**WHAT YOU SHOULD DO**
The whole listing needs to be written out exactly, except for any images.

**PROVIDED RECORDS**
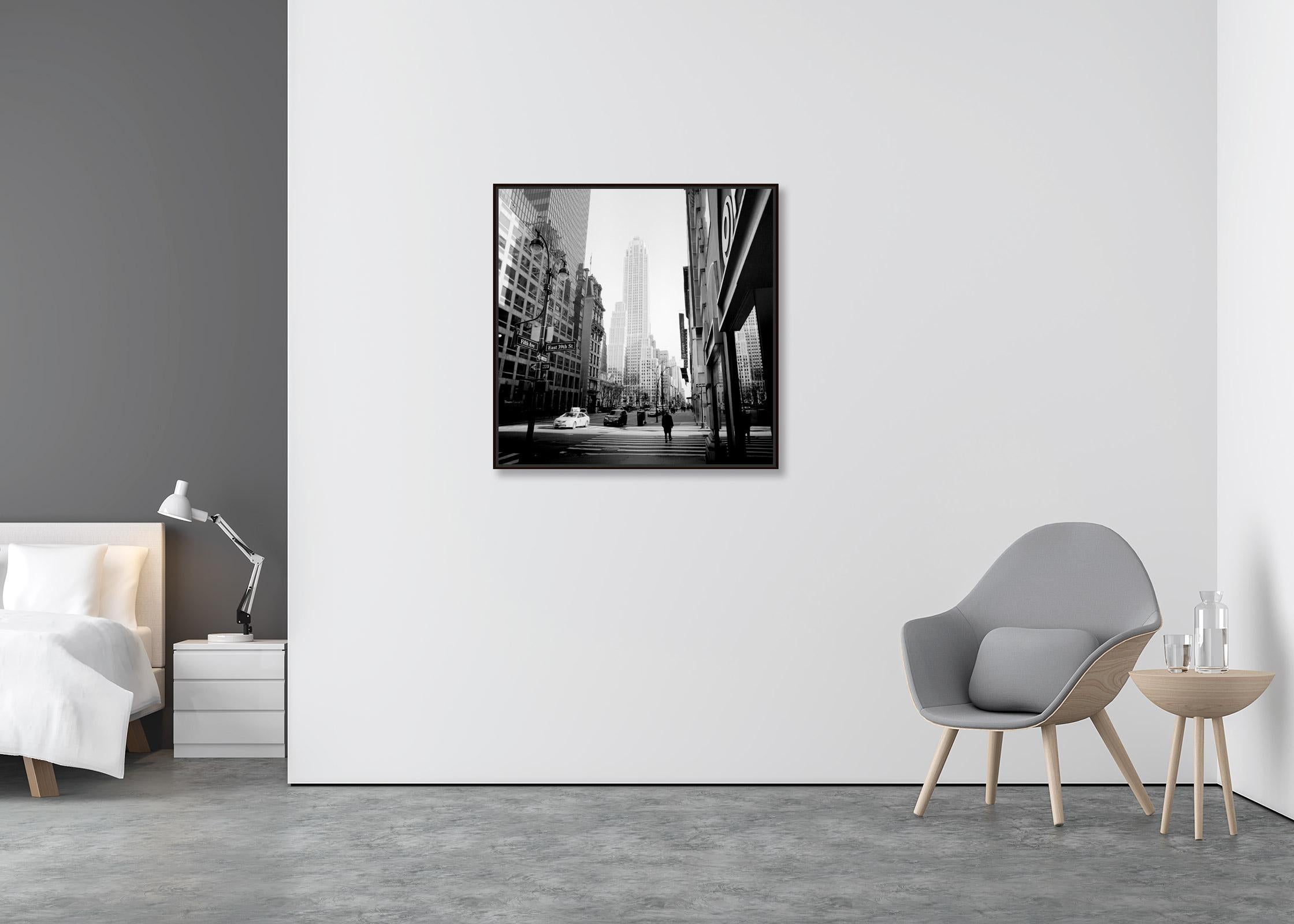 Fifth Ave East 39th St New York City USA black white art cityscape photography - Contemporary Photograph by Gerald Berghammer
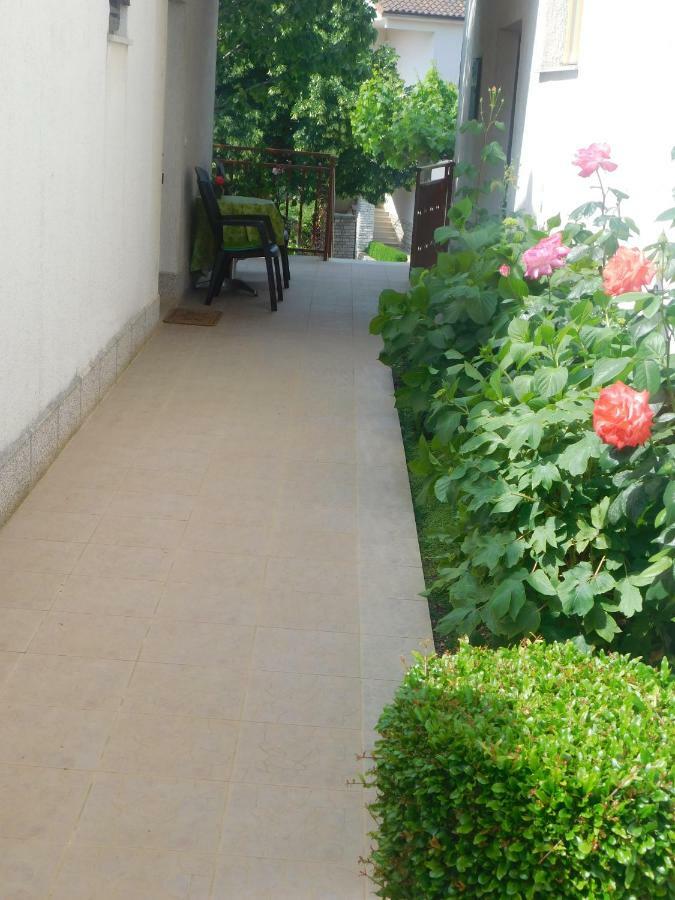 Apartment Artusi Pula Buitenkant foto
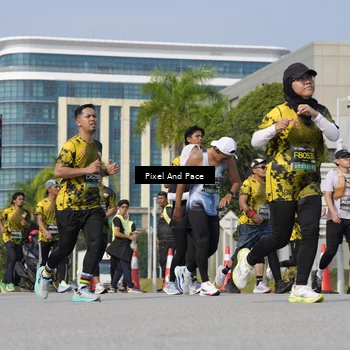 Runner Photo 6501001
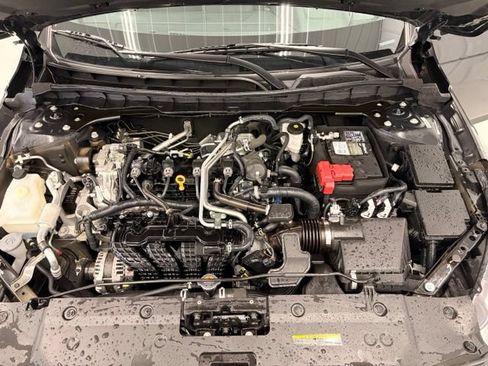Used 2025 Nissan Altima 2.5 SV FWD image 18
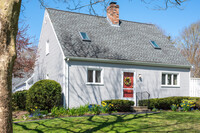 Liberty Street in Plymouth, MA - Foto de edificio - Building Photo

**RESPONSE AREA**
 Fifth Ave East 39th St New York City USA black white art cityscape photography - Contemporary Photograph by Gerald Berghammer
 Apartment Artusi Pula Buitenkant foto
 Runner Photo 6501001
Used 2025 Nissan Altima 2.5 SV FWD image 18
 Liberty Street in Plymouth, MA - Foto de edificio - Building Photo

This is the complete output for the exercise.